The High-Interest Credit Card of Technical Debt: The notion of technical debt — hidden costs incurred by building a good-enough system that contains bugs or lacks functionality that becomes essential in due course — is familiar in software development. The authors argue that machine learning’s dependence on external code and real-world data makes these costs even more difficult to discover before the bill comes due. They offer a roadmap to finding and mitigating them, emphasizing the need to pay careful attention to inputs and outputs, as changing anything — training data, input structure, external code dependencies — causes other changes to ripple through the system.
Towards ML Engineering: Google offers this synopsis of TensorFlow Extended (TFX), a scaffold atop the TensorFlow programming framework that helps track data statistics and model behavior and automates various parts of a machine learning pipeline. During data collection, TFX compares incoming data with training data to evaluate its value for further training. During training, it tests models to make sure performance improves with each iteration of a model.
The Winding Road to Better Learning Infrastructure: Spotify built a hybrid platform using both TensorFlow Extended and Kubeflow, which encapsulates functions like data preprocessing, model training, and model validation to allow for reuse and reproducibility. The platform tracks each component’s use to provide a catalog of experiments, helping engineers cut the number of redundant experiments and learn from earlier efforts. It also helped the company discover a rogue pipeline that was triggered every five minutes for a few weeks.
Introducing FBLearner Flow: Facebook found that tweaking existing machine learning models yielded better performance than creating new ones.
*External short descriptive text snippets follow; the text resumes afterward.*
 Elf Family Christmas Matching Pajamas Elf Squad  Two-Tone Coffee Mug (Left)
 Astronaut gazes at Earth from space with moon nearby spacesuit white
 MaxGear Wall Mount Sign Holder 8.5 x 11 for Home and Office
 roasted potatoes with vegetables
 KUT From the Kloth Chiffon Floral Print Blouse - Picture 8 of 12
FBLearner Flow encourages such recycling company-wide, lowering the bar of expertise to take advantage of machine learning. The platform provides an expansive collection of algorithms to use and modify. It also manages the intricate details of scheduling experiments and executing them in parallel across many machines, along with dashboards for tracking the results.
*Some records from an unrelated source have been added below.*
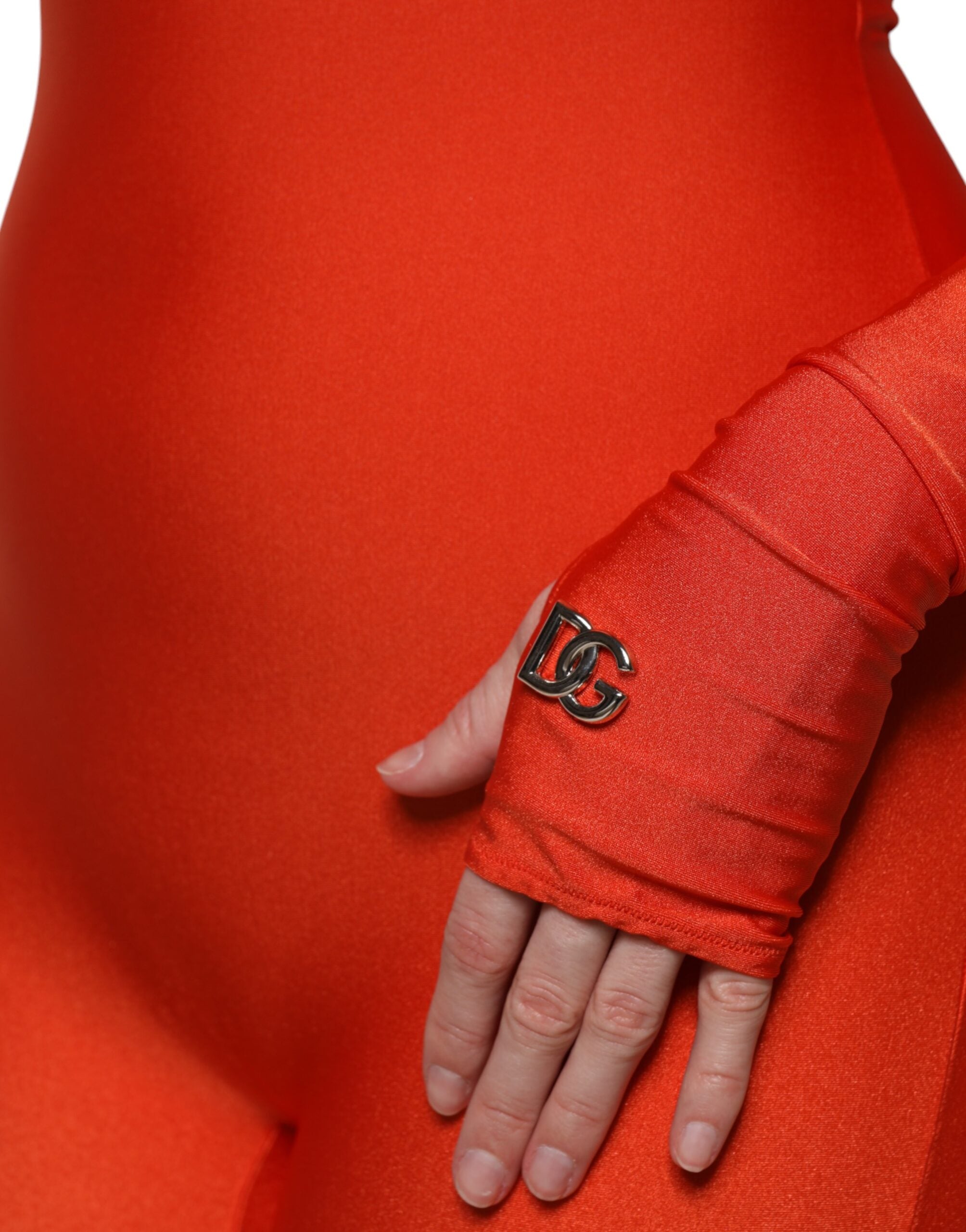 Red Nylon Turtleneck Bodycon Jumpsuit Dress - ventzia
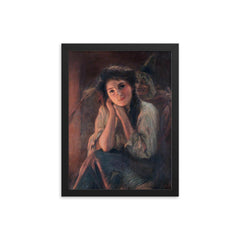 Girl and a Witch by Beatrice Offor, 1864–1920 framed print on a plain backdrop in size 12"x16".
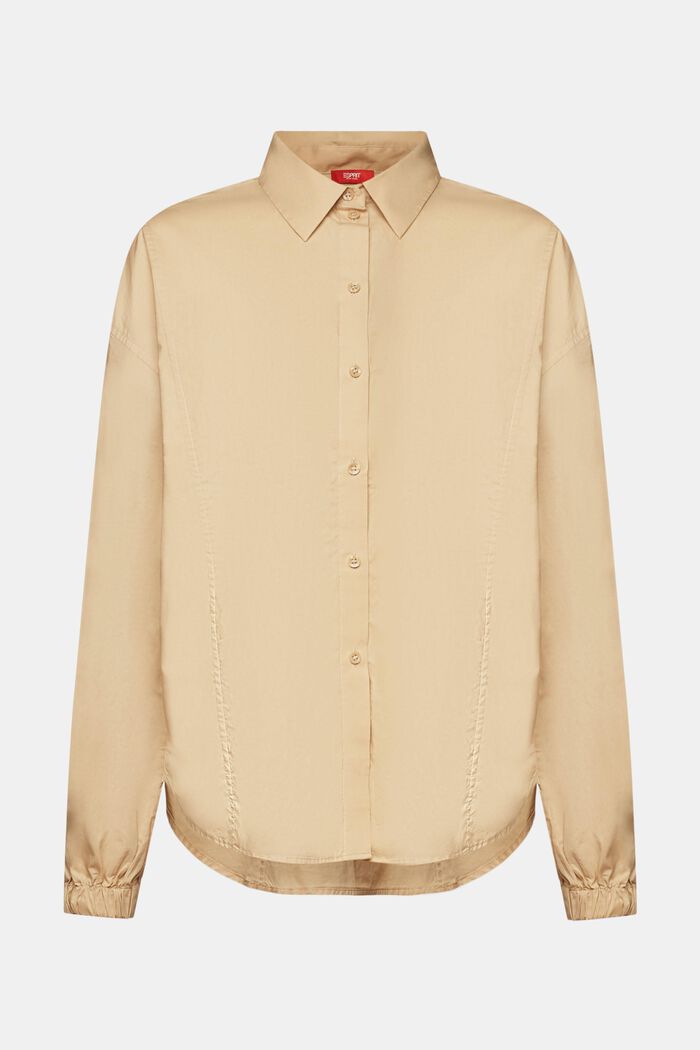 Button-Down-Hemd aus Baumwolle, SAND, detail image number 6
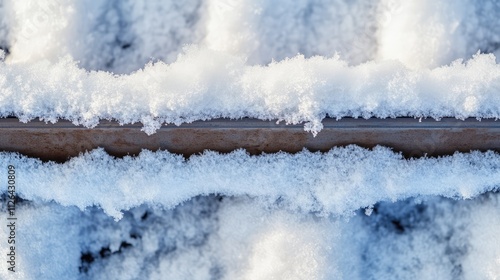 Snow-covered railway rails creating an abstract background symbolizing winter freight transportation and the challenges of cold weather travel. photo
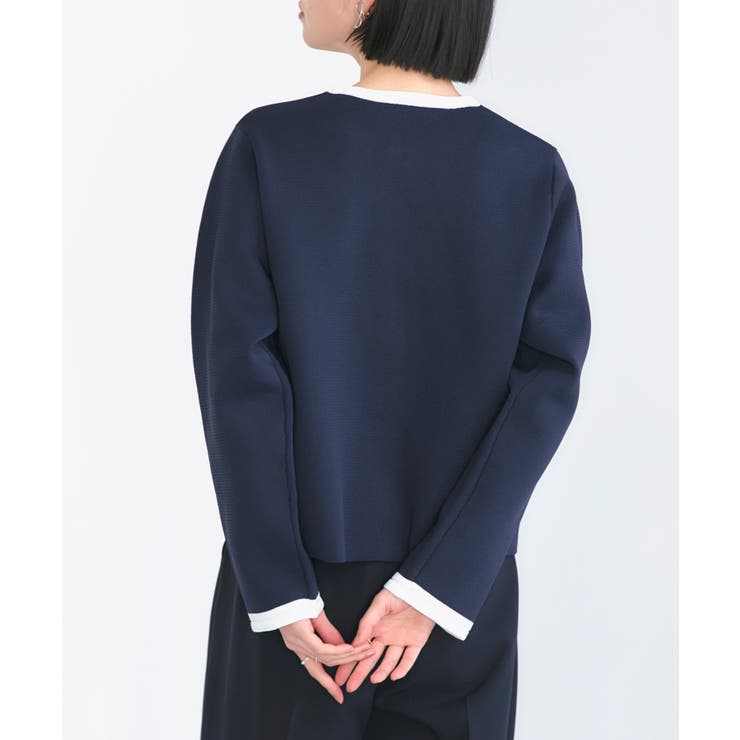 スポンディッシュバイカラーボックスカーディガン | RUIRUE BOUTIQUE | 詳細画像6 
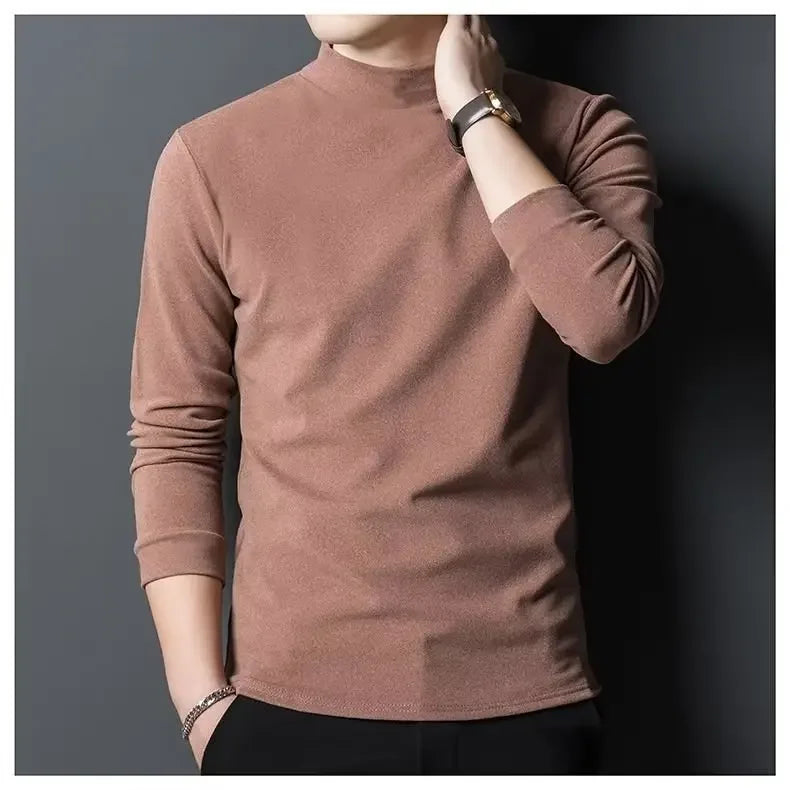 Men's Autumn/Winter Fleece-Lined Half Polo Turtle Neck Long Sleeve T-Shirt Crew Neck Base Layer Top For Men Inner Clothing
Scaling Machine Learning as a Service: Models in development should train on batches of data for computational efficiency, whereas models in production should deliver inferences to users as fast as possible — that’s the idea behind Uber’s machine learning platform. During experimentation, code draws data from SQL databases, computes features, and stores them. Later, the features can be reused by deployed models for rapid prediction, ensuring that feature computation is consistent between testing and production.
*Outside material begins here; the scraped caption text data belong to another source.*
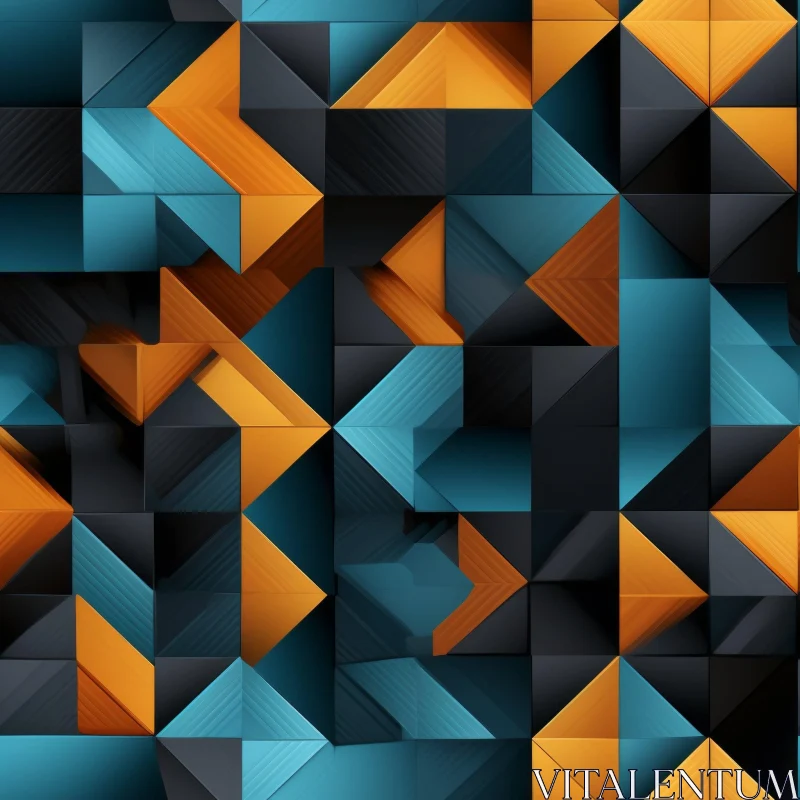 AI ART Abstract Geometric Triangle Pattern in Blue, Orange, and Black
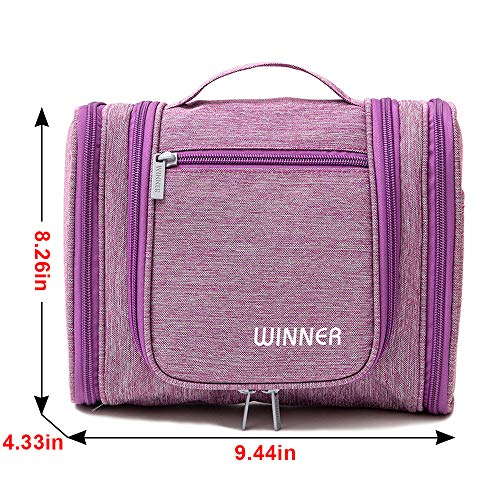 Neceser para Colgar Grande Bolsas de Aseo con Gancho para Mujer y Hombre, 6L Impermeable Neceser de Viaje Organizador de Cosméticos Plegable para Hogar Vacaciones Viaje Gimnasio (Morado)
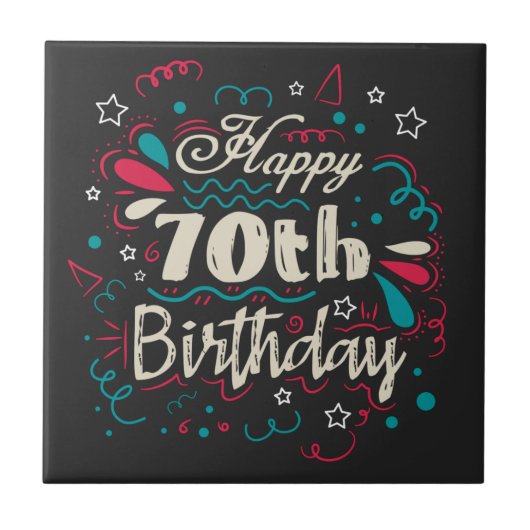 装飾的70誕生日 タイル (正面)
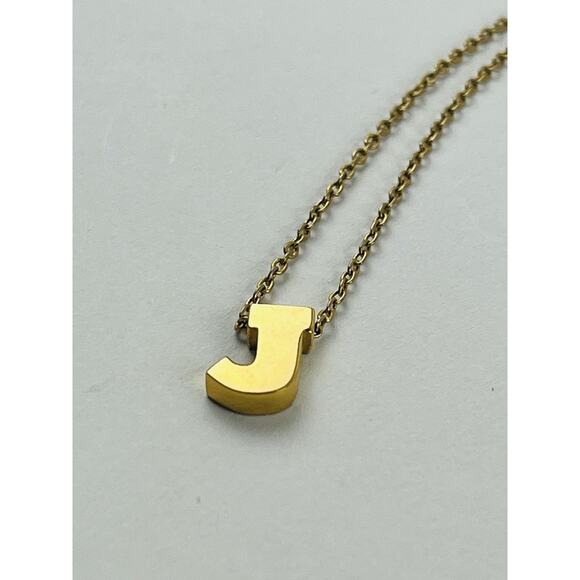 Vintage Trifari Initial J Necklace Gold Tone Letter Pendant Chain 16" Jewelry Na - Picture 5 of 16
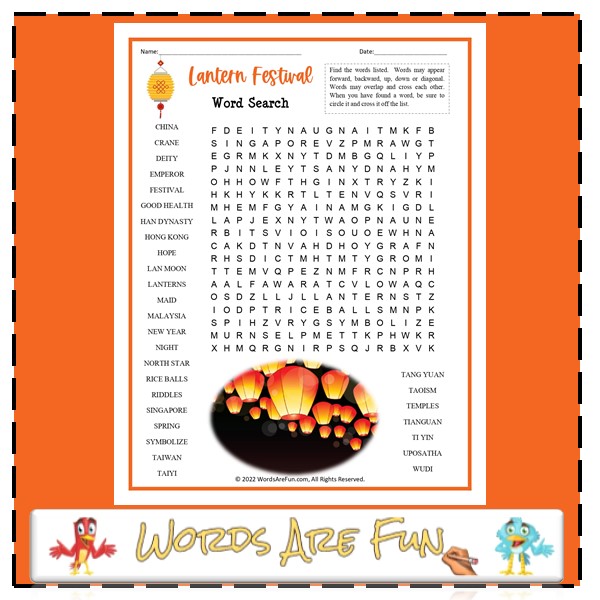 Lantern Festival Word Search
A Unified Approach to Interpreting Model Predictions: Why did the model make the decision it did? That question is pressing as machine learning becomes more widely deployed. To help answer it, production platforms are starting to integrate Shapley Additive Explanations (SHAP). This method uses an explainable model such as linear regression to mimic a black-box model’s output. The explainable model is built by feeding perturbed inputs to the black-box model and measuring how its output changes in response to the perturbations. Once the model is built, ranking the features most important to the decision highlights bias in the original model.